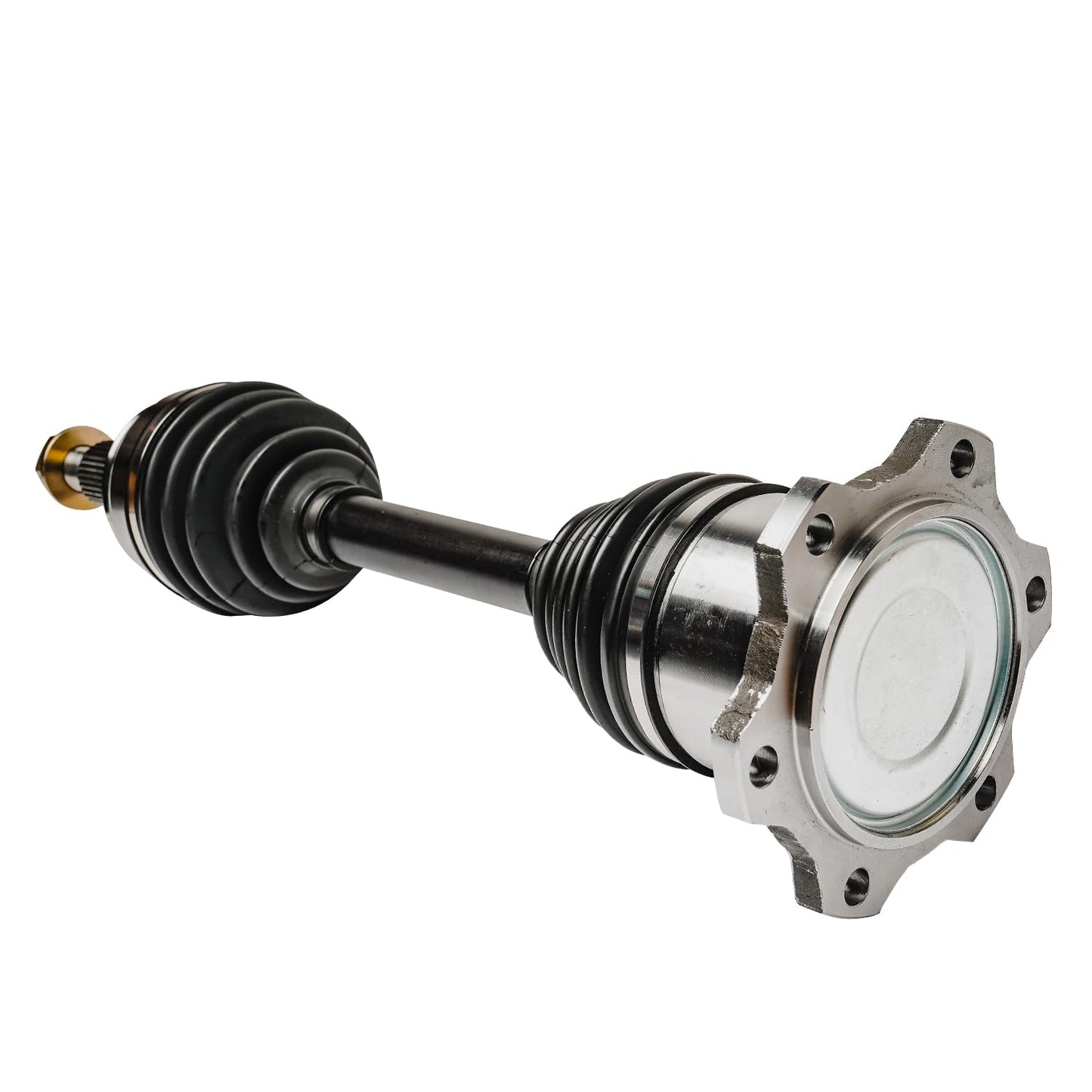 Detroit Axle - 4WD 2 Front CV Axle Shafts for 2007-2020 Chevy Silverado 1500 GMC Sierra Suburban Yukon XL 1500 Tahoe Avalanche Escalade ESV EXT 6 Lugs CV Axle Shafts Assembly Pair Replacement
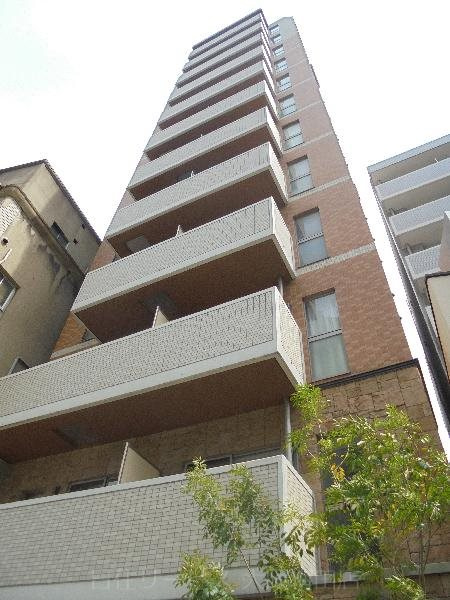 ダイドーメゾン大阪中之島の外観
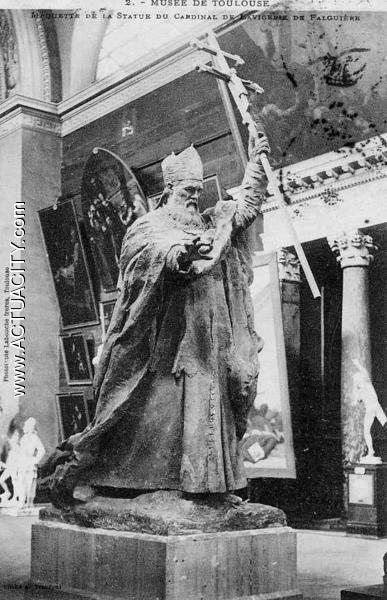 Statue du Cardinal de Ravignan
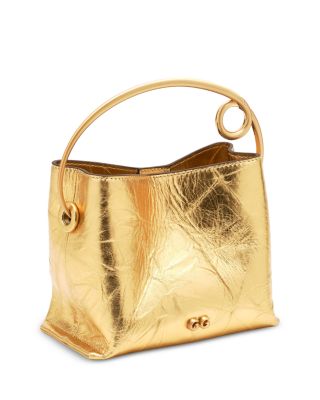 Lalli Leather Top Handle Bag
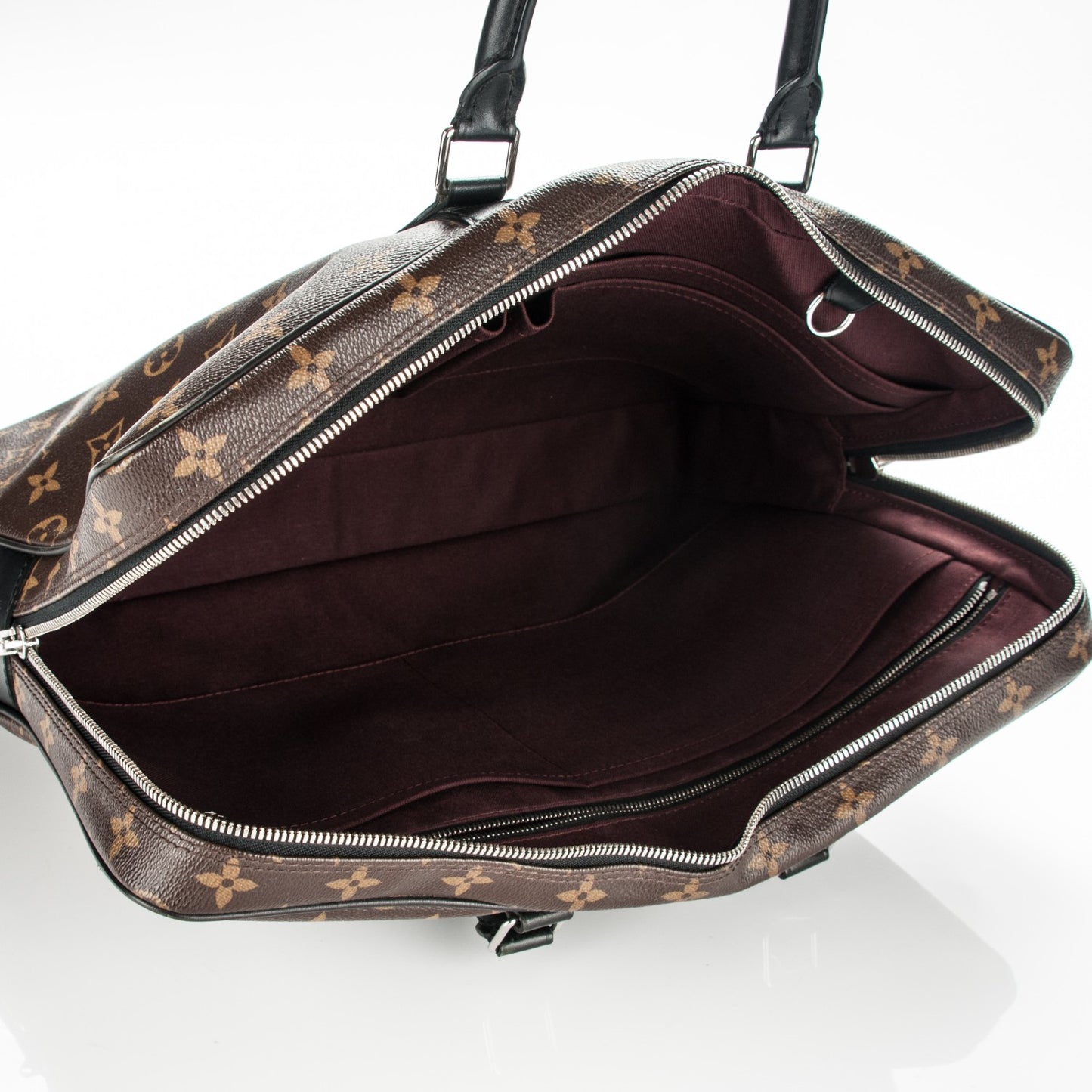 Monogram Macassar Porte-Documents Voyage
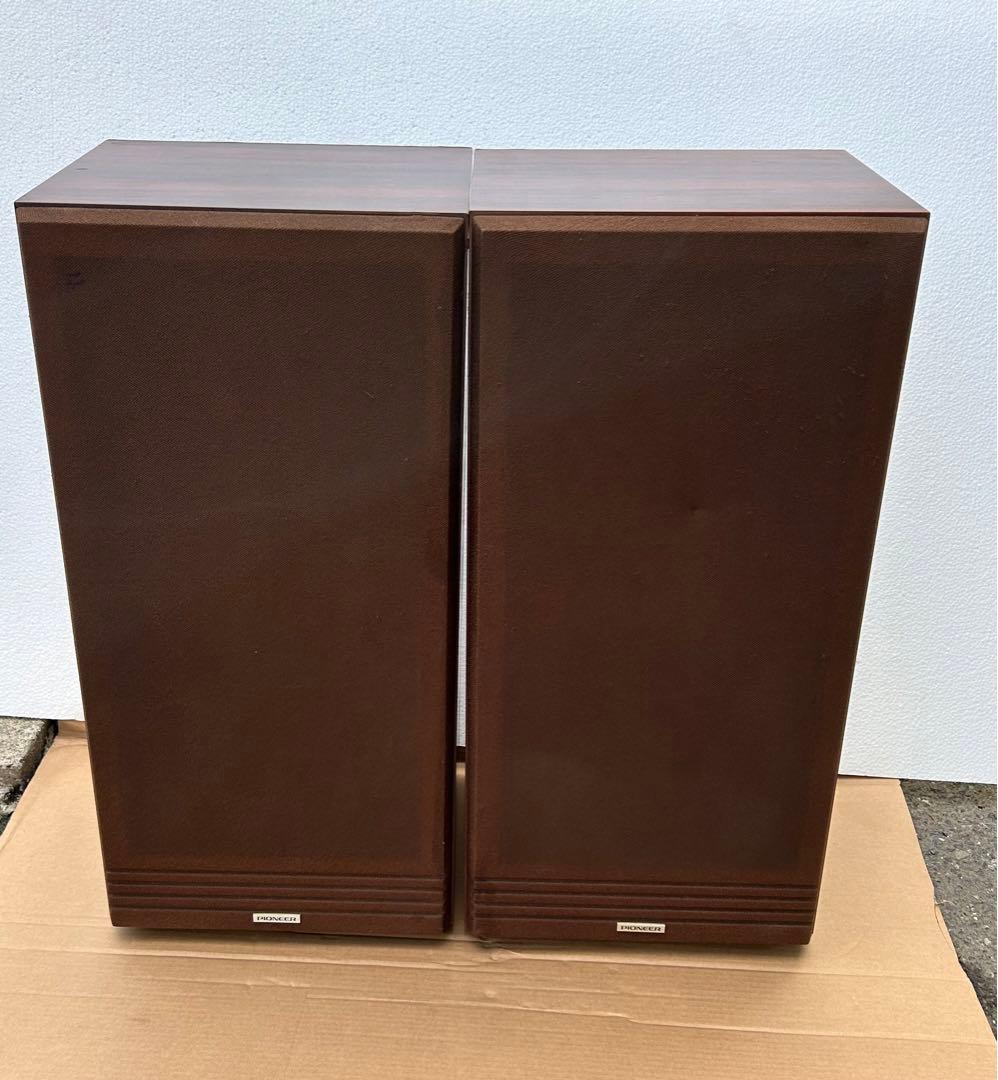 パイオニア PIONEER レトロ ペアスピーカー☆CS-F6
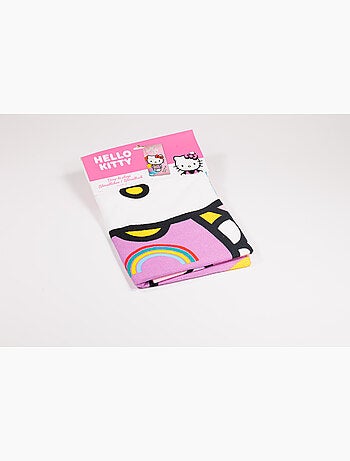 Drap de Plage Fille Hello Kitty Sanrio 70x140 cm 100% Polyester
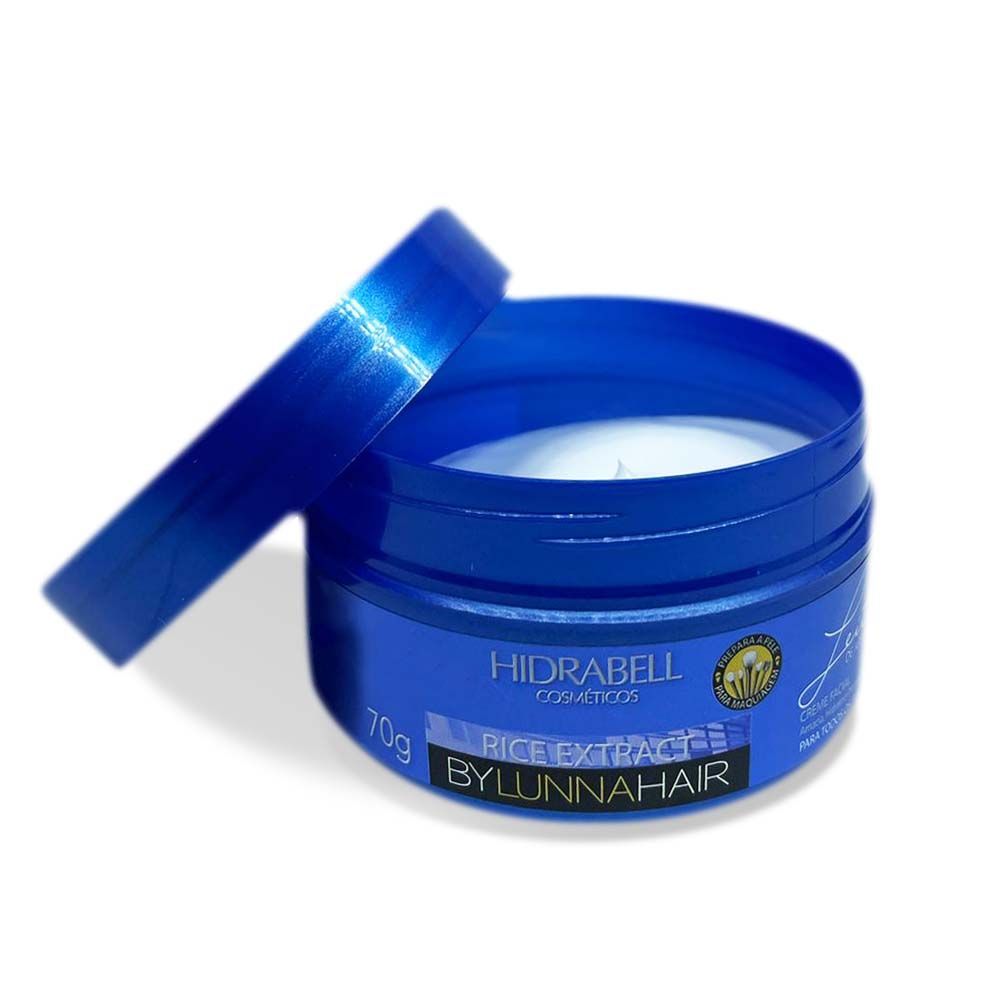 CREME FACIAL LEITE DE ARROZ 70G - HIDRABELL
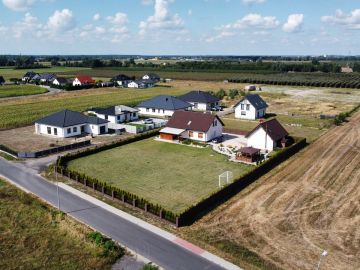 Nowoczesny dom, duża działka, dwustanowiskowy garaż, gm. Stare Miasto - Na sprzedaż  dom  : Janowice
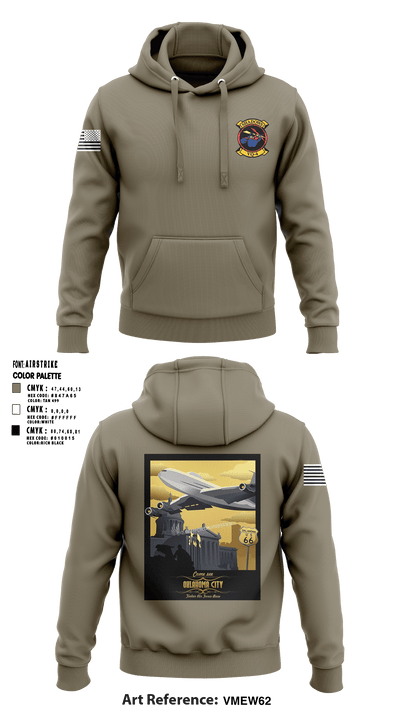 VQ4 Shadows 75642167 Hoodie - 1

────────────────

# TASK DETAILS
Exact wording is required throughout: write out all the records, but no pictures.

# ANSWER FOR THIS EXERCISE
 Detroit Axle - 4WD 2 Front CV Axle Shafts for 2007-2020 Chevy Silverado 1500 GMC Sierra Suburban Yukon XL 1500 Tahoe Avalanche Escalade ESV EXT 6 Lugs CV Axle Shafts Assembly Pair Replacement
 ダイドーメゾン大阪中之島の外観
 Statue du Cardinal de Ravignan
 Lalli Leather Top Handle Bag
 Monogram Macassar Porte-Documents Voyage
 パイオニア PIONEER レトロ ペアスピーカー☆CS-F6
 Drap de Plage Fille Hello Kitty Sanrio 70x140 cm 100% Polyester
 CREME FACIAL LEITE DE ARROZ 70G - HIDRABELL
 Nowoczesny dom, duża działka, dwustanowiskowy garaż, gm. Stare Miasto - Na sprzedaż  dom  : Janowice
 VQ4 Shadows 75642167 Hoodie - 1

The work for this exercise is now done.